Be that as it may, any assessment of the IAF cannot be limited only to its prowess in only safeguarding the Indian skies. Going by “the basic doctrine” of the IAF, as enunciated in 2012, its “vision” is “to acquire strategic reach and capabilities across the spectrum of conflict that serve the ends of military diplomacy, nation building and enable force projection within India’s strategic area of influence”. Obviously, the IAF must be capable of manifesting power outside the borders of India.

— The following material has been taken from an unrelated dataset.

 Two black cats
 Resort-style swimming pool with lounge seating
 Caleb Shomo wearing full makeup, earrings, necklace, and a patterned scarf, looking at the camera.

Is the IAF comfortable to pursue this vision in an intellectual environment that continues to highlight a continental view of external threats, in which the Army will have the dominant role? Take, for instance, the ‘Joint Training Doctrine Indian Armed Forces – 2017’, which says that “India’s threats primarily emanate from the disputed land borders with our neighbours” and thus is much narrower and more traditional in scope than that of the IAF (even the Indian Navy). These “vision-differences” among our three services explain, perhaps, why the service-centric structure of India’s higher defence management remains problematic. Though the Joint Training Doctrine aims at promoting ‘synergy’ and ‘integration’ amongst the three Services and other stakeholders leading to an enhanced efficiency and optimum utilisation of resources, the “jointness” remains only a notion in concrete terms.

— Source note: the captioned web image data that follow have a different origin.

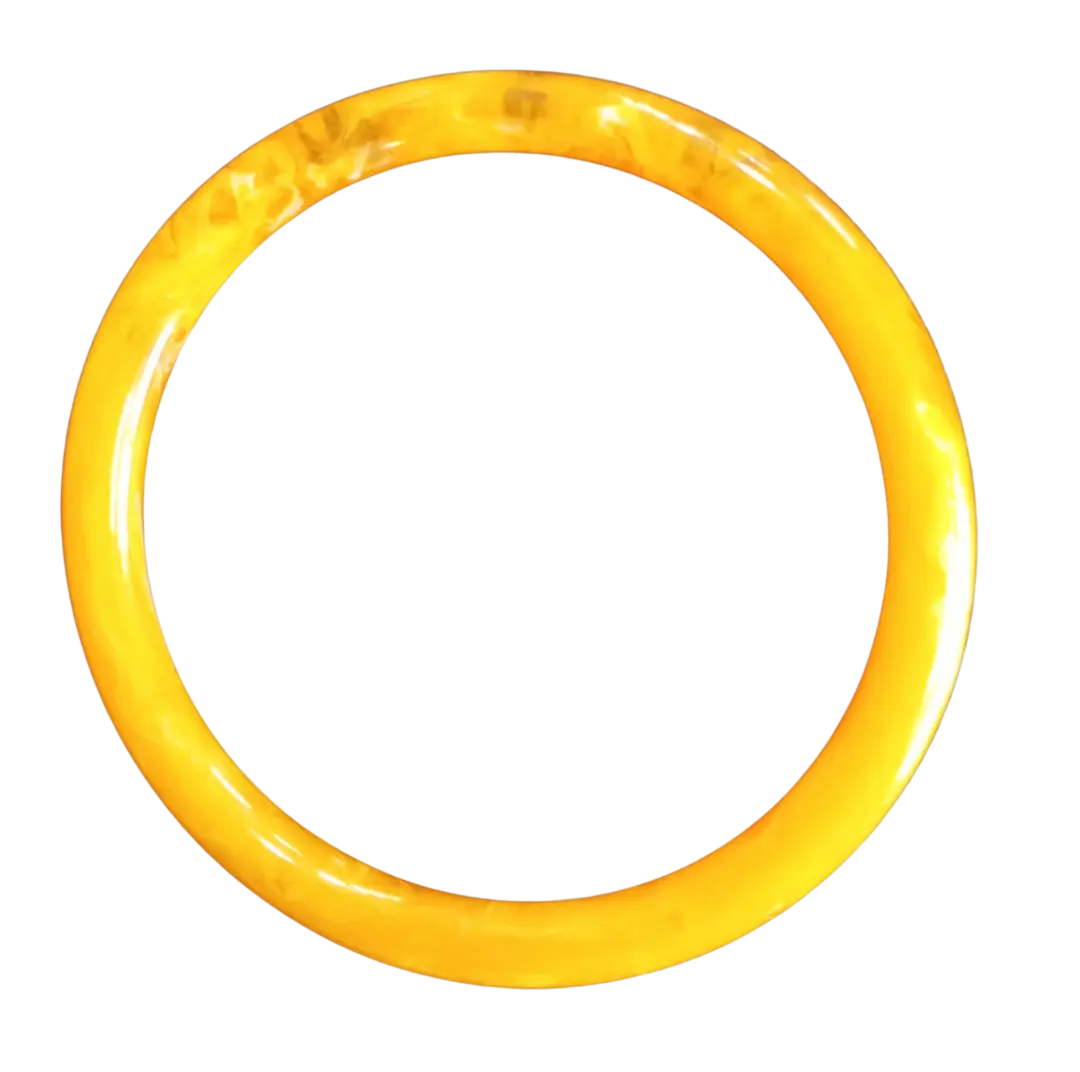 Golden yellow jade bangle with marbled texture and glossy polished surface.
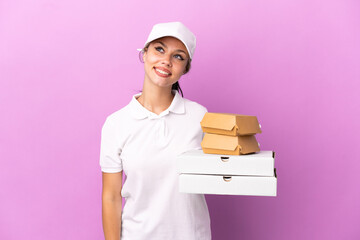 Pizza delivery Russian girl with work uniform picking up pizza boxes and burgers isolated on purple background thinking an idea while looking up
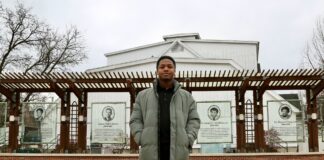 UofL SGA President Dorian Brown stands in Freedom Park.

Naturally, the IAF has legitimate concerns over the proposed integrated or theatre commands. Air Chief Chaudhari has a point when he questions “the methodology and the kind of structures that need to be future-ready”, while supporting in principle the need for “the integration process”. As he said the other day, “Each service has a doctrine. The doctrinal aspects of the IAF should not be compromised in any way by the new structures.”

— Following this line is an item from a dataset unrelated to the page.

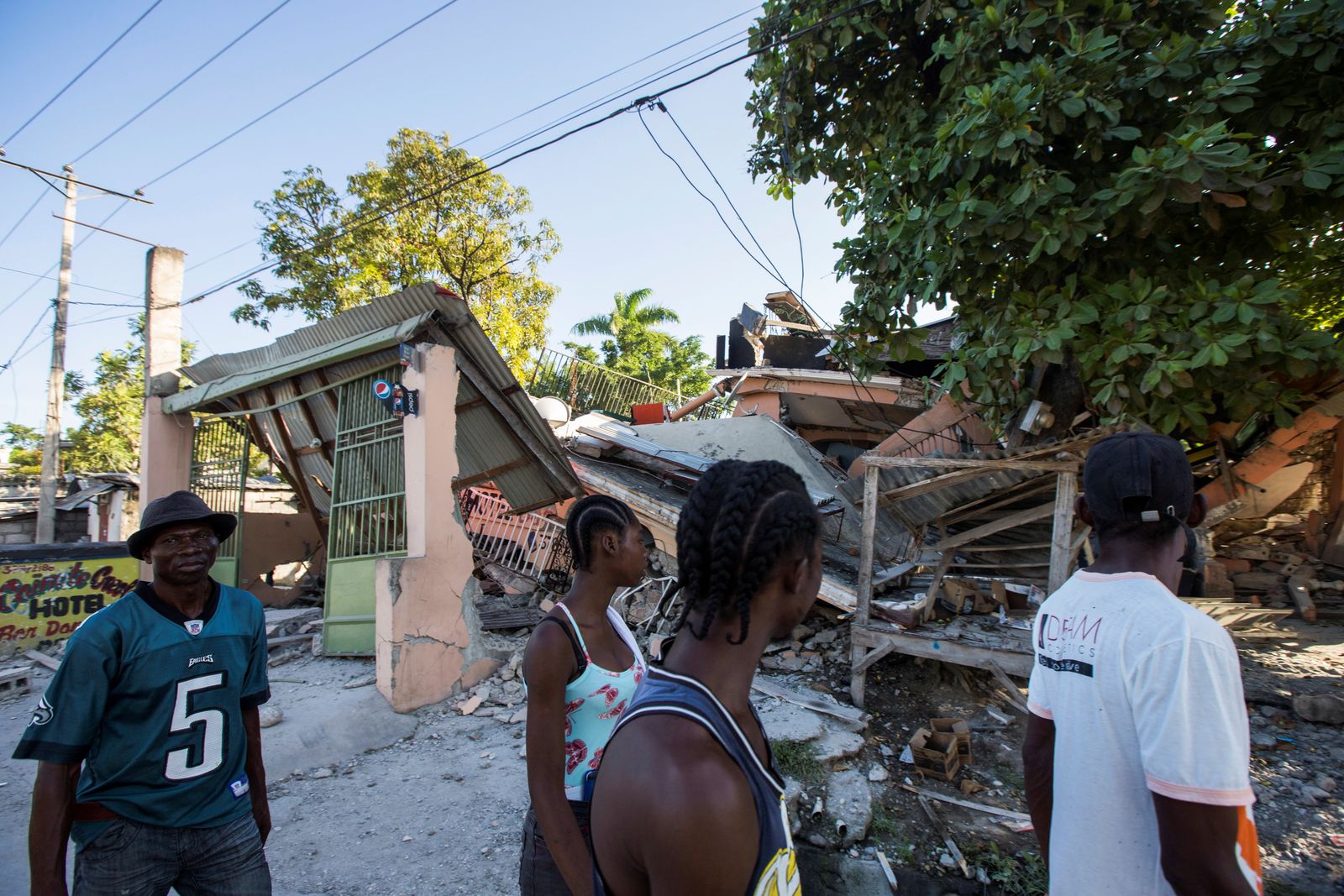  أشخاص يمشون بجوار منزل دُمر في أعقاب الزلزال، هايتي. 14 أغسطس 2021. - REUTERS
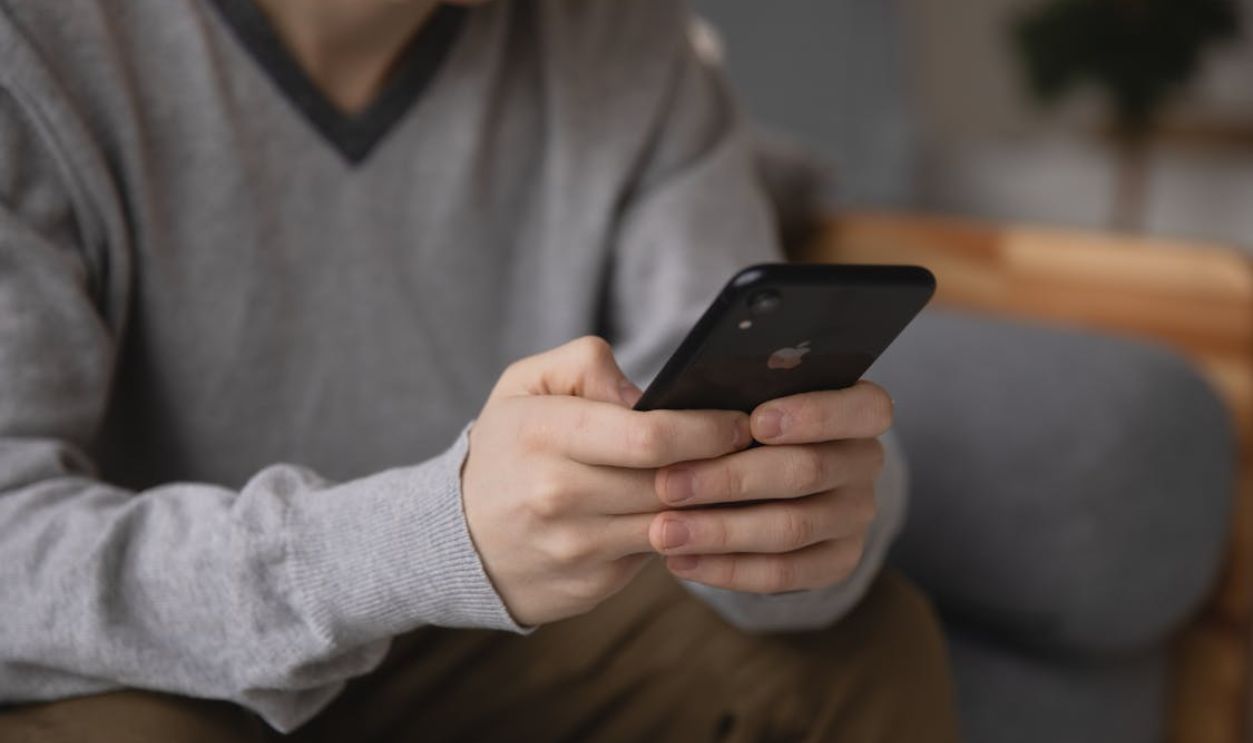 Photo Of Man Using Smartphone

Chaudhari’s essential point is that the IAF has updated its doctrine, according to which it is not the Air Force but the “Aerospace Force”. As he says, “We see space as a natural extension of the air medium and we understand the need for exploiting this domain…Space-based assets significantly enhance the potency of air power and therefore our strategy is to fully integrate our air and space capabilities to have a common picture of the aerospace medium and to enable optimum force application…..Traditionally, wars were fought on the land, sea and in the air. Today, newer domains like cyber and space are increasingly affecting the conduct of operations even in the traditional realms …..To absorb these changes, the IAF is on the path of transformation so that we can fight and win tomorrow’s wars.”
To put it differently, the Air Chief is worried that in the name of jointness, the decision-making chains from the existing levels should not be altered in the space and cyber domains. And this seems to be a worry that deserves the attention of Defence Minister Rajnath Singh and Prime Minister Narendra Modi.